Медикаментозная терапия:

β-адреноблокаторы – блокируют β-адренорецепторы и уменьшают влияние симпатической нервной системы на органы и ткани. Применяются как неселективные (пропранолол), так и селективные (атенолол, метопролол, бисопролол) β-адреноблокаторы. Терапию начинают со средних доз (пропранолол – 30-40 мг/сут., атенолол, метопролол – 50 мг/сут.). Полный гипотензивный эффект наступает через 2-4 недели. Препарат противопоказан при синусовой брадикардии, атриовентрикулярных блокадах высоких градаций, гипогликемии, тяжелой сердечной недостаточности, сахарном диабете.

Tab. Metoprololi 0.05 – утром

0.025 – вечером

Диуретики: антигипертензивное действие диуретиков обусловлено их способностью тормозить реабсорбцию натрия в канальцах почек, что увеличивает диурез, уменьшая объем циркулирующей жидкости. Снижение артериального давления при применении диуретиков также связано с уменьшением содержания натрия в цитоплазме гладкомышечных клеток, а также с прямым вазодилататорным действием. Обычно используются гипотиазид и индапамид в дозах 12,5-25 мг и 2,5 мг соответственно однократно в сутки. Осложнения при приеме диуретиков могут быть связаны с уменьшением объема внеклеточной жидкости (слабость, усталость, резкая гипотензия), гипокалиемией (слабость, аритмии, судороги). Калийсберегающие диуретики (триамтерен, спиронолактон) – для коррекции гипокалиемии. Антигипертензивное действие калийсберегающих диуретиков минимально.

Sol.Lasix 1% - 4.0 в/м

Tab. Indapamidi 0.0025*1 р/сут.

Ингибиторы АПФ: вызывают гемодинамическую разгрузку миокарда вследствие расширения сосудов, увеличения диуреза, уменьшения давления наполнения левого и правого желудочков. Препараты этой группы тормозят активность ангиотензинпревращающего фермента с уменьшением образования ангиотензина-II как в крови, так и в тканях. Частота побочных эффектов при применении этих препаратов определяется дозой препарата, длительностью его применения и состоянием экскреторной функции почек. К числу наиболее частых побочных действий относятся кожный зуд, сыпь, нарушения вкуса, кашель и нарушения со стороны желудочно-кишечного тракта. Наиболее серьезными осложнениями являются почечная недостаточность, нефротический синдром и угнетение кроветворения.

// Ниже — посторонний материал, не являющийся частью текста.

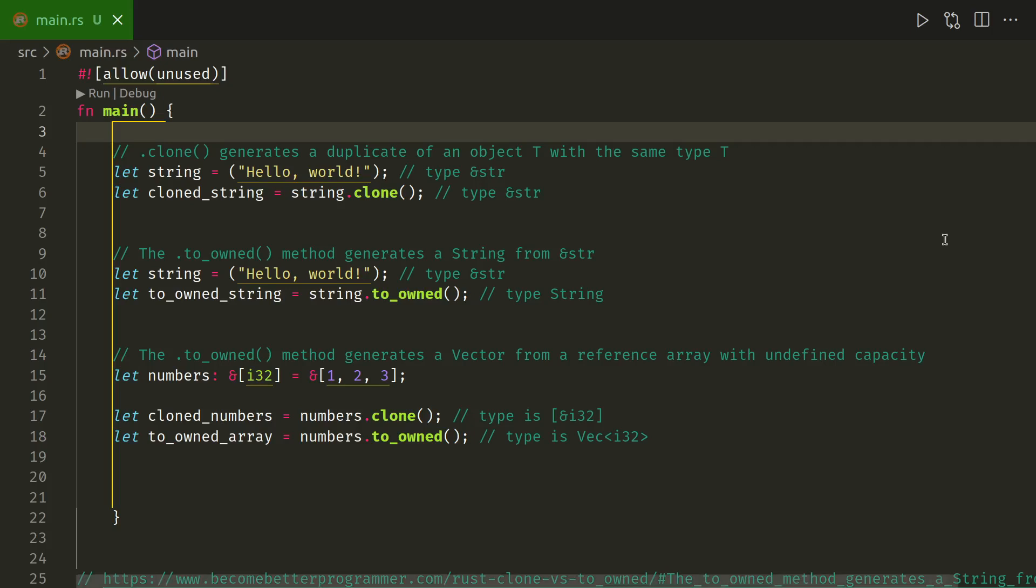Hello, if you're wondering the difference between to_owned and clone, this is going to demonstrate it.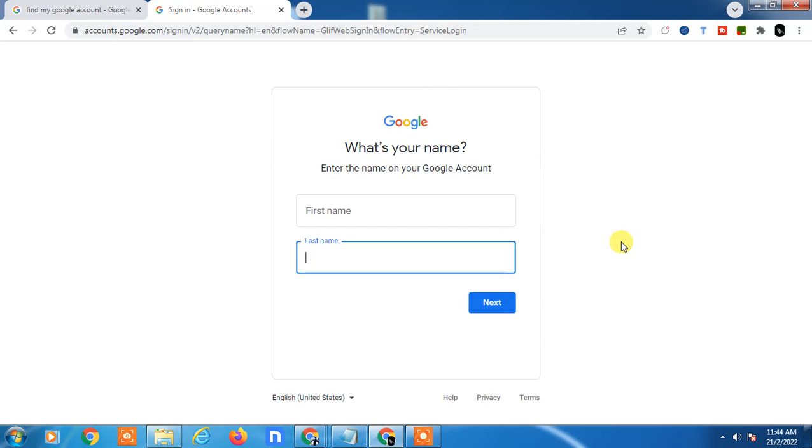You will get an OTP on your registered email ID or your phone number. Enter this OTP here, and then you will see all your email IDs registered with your phone number or email ID.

-Эналаприл – начальная доза (2,5 мг/сут), поддерживающая доза (10 мг/сут в 2 приема)

-Лизиноприл – начальная доза (2,5 мг/сут), поддерживающая доза (15-20 мг/сут)

Необходимо проводить контроль АД до и после приема, контролировать функции почек (диурез, относительную плотность мочи) и концентрацию электролитов крови (ионов натрия и калия) при увеличении дозы каждые 3-5 дней, затем каждые 3 и 6 мес.

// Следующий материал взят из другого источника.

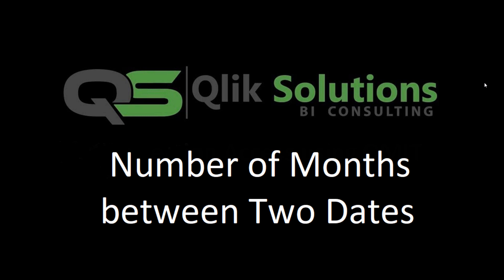Hello friends, welcome to my YouTube channel. In today's video we will see how we can find out the number of months between two dates.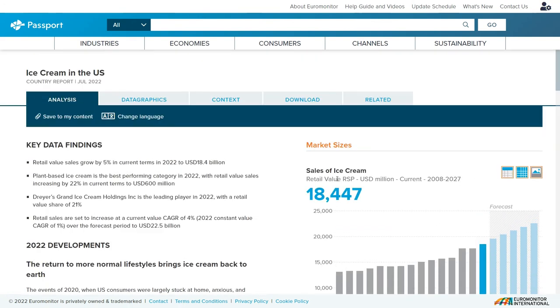Whether you're looking at statistics or more in-depth analysis, Passport is a great tool when you're researching the ice cream industry. Hopefully this video helped you understand how to use Passport to find information about ice cream companies across the planet. If you need more help, check out some of my guides, which can give you assistance in your future research needs. Take care and best of luck with your research.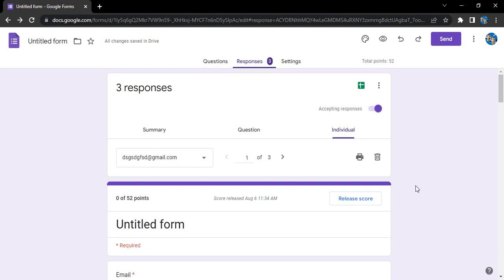Hello everyone, welcome to Google Form tutorials. In this video, we will see how you can remove all the responses of your Google Form in one go. Google Forms provides us this facility where we can select all the responses received so far and then remove them all at once.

Tab. Enalaprili 0.01*2 р/сут.

Блокаторы медленных кальциевых каналов – уменьшают поступление кальция в гладкомышечные клетки сосудов и кардиомиоциты через потенциалзависимые L-кальцивые каналы. Верапамил и дилтиазем наиболее показаны пациентам с исходной тахикардией. Противопоказанием к назначению являются сердечная недостаточность, синусовая брадикардия, нарушения синоаурикулярной и атриовентрикулярной проводимости.